## TRY IT
Below are entries; repeat exactly, and nothing else, the lines from the one holding "Pant Size XS" through the one holding "Segerombolan pemuda bunyikan", inclusive. Leave the pictures out.

## THE DATA
BEGIN

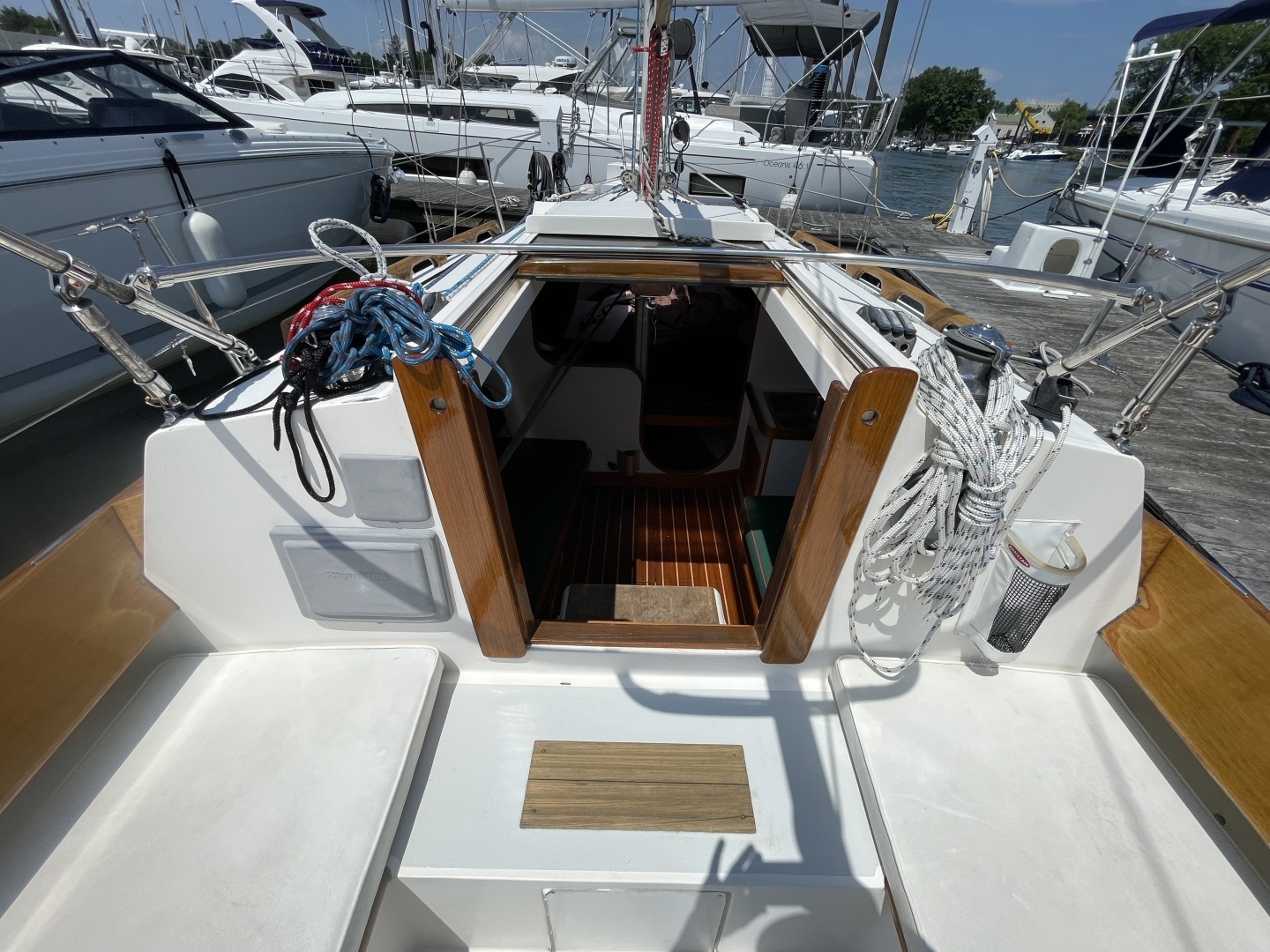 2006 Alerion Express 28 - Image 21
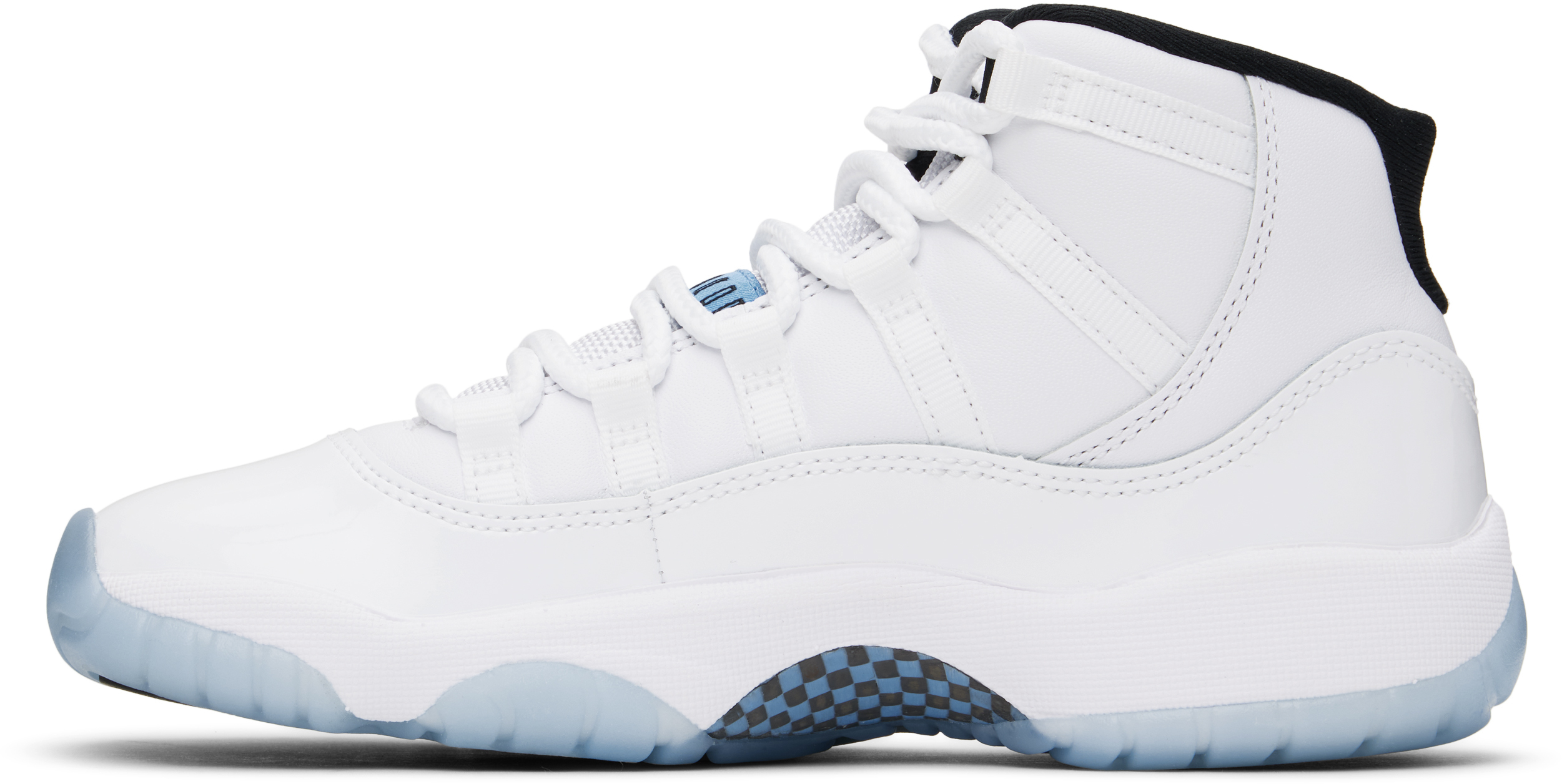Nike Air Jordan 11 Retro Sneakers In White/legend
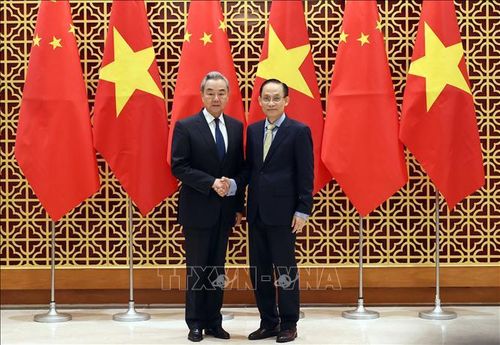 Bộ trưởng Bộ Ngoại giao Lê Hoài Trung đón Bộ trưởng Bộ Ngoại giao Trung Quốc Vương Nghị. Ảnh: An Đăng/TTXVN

END
BEGIN

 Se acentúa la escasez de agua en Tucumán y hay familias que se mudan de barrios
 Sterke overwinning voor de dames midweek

END
BEGIN

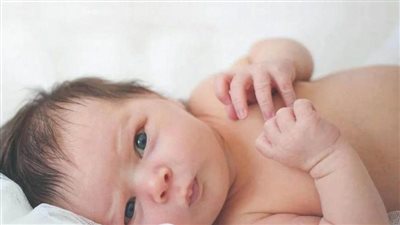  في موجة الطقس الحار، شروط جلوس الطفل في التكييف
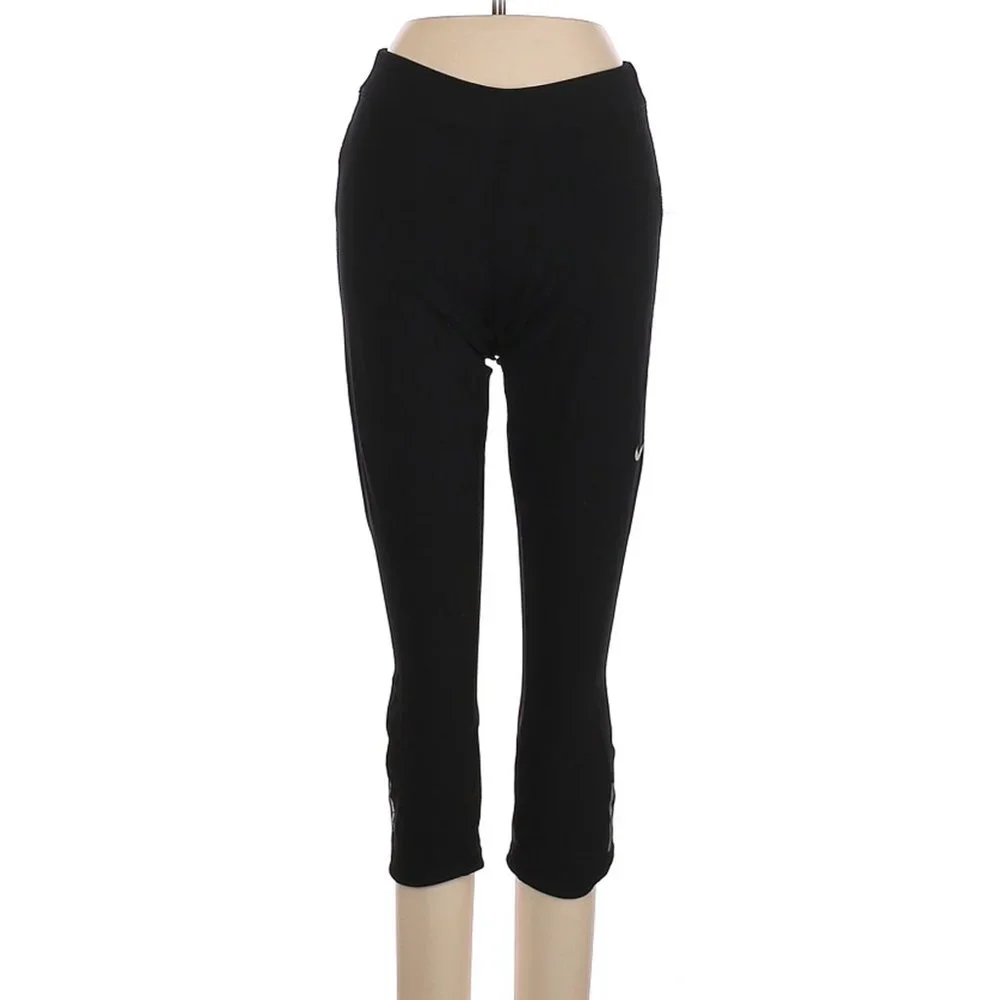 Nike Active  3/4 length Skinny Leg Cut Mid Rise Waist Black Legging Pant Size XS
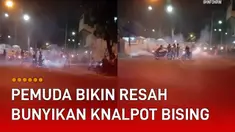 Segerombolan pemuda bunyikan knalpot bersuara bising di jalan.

END

## TASK ANSWER
 Nike Active  3/4 length Skinny Leg Cut Mid Rise Waist Black Legging Pant Size XS
 Segerombolan pemuda bunyikan knalpot bersuara bising di jalan.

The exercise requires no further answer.